Anadolu Sağlık Merkezi KBB Hastalıkları ve Baş Boyun Cerrahisi Uzmanı Prof. Dr. Nesil Keleş, ülkemizde ortakulak iltihapları konusunda ailelerin mutlaka bilgilendirilmesi gerektiğinin altını önemle çizerek, ailelerin bazen bilgisizliğe bağlı yanlış davranışlarda bulunabildiklerine işaret ediyor. Prof. Dr. Keleş`in verdiği bilgiye göre aileler, özellikle ağrısını anlatamayan çocuklarını doktora götürmüyorlar. Ancak bu çocuklarda, bir süre sonra kulak zarının delinmesine bağlı olarak, kulağın içindeki sıvı akmaya başlıyor. Bu akıntıyı aileler `iyi ve olması gereken` bir olaymış gibi algıladıkları için, ağrısı geçen çocuğu doktora götürmeyi ihmal ediyorlar. Oysa, bunun sonucunda kulak zarı delik kalıyor.” Prof. Dr. Keleş, erken hekime giden bir çocukta, iyi bir tedavi ile kulak zarı deliklerinin de önüne geçilebileceğini vurguluyor. Çocuğun ağrısı geçtiği zaman antibiyotik tedavisinin kesilmesinin doğru olmadığını hatırlatan Prof. Dr.Keleş, bu tedavinin 14 gün boyunca kesilmeden uygulanması gerektiğini anlatıyor.

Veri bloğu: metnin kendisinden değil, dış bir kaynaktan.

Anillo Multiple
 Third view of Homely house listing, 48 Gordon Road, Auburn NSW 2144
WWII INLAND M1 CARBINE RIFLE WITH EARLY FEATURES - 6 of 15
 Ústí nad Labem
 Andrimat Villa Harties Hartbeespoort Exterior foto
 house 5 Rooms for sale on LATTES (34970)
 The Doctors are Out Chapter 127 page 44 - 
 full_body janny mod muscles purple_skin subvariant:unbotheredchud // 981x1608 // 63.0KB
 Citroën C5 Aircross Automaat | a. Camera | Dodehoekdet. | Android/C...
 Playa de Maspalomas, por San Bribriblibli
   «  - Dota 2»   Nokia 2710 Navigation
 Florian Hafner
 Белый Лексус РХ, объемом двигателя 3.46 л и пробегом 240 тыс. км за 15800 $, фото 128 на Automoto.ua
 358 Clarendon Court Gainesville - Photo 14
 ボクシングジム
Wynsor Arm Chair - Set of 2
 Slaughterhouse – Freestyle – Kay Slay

“Sigara içilen bir evdeki çocuğun, ortakulak veya üst solunum yolu enfeksiyonu olmaması mümkün değil” diyen Prof. Dr. Keleş; parfüm, oda parfümü gibi diğer kuvvetli uyarıcıların da olumsuz etkilerine dikkat çekiyor. Ayrıca enfeksiyona neden olduğu için emzik kullanılmaması, çocuğun yatarak değil dik bir konumda beslenilmesi de diğer koruyucu önlemler.
Orta kulak enfeksiyonları, erişkinlerde çok sık karşılaşılan bir sorun değil. Bu nedenle, bir erişkinde ortakulak iltihabı görülmesi durumunda, bu durum normal karşılanmayarak altında farklı bir neden aranıyor. Prof. Dr. Keleş, “Erişkinlerde de tedavi çok önemli çünkü, ortakulak iltihapları tedavi edilmediği taktirde kulak zarı delinebiliyor ve ortakulak enfeksiyonları akut halden kronik bir hale dönüşebiliyor. İleri evrede ise ancak ameliyat tedavisiyle çözüme ulaşılıyor.”
İLTİHAPLARIN YÜZDE 70`İ HİÇBİR MÜDAHALE YAPMADAN, KENDİLİĞİNDEN GEÇİYOR. BAKTERİLERİN YOL AÇTIĞI DURUMLARDA ANTİBİYOTİK TEDAVİSİ UYGULANIYOR.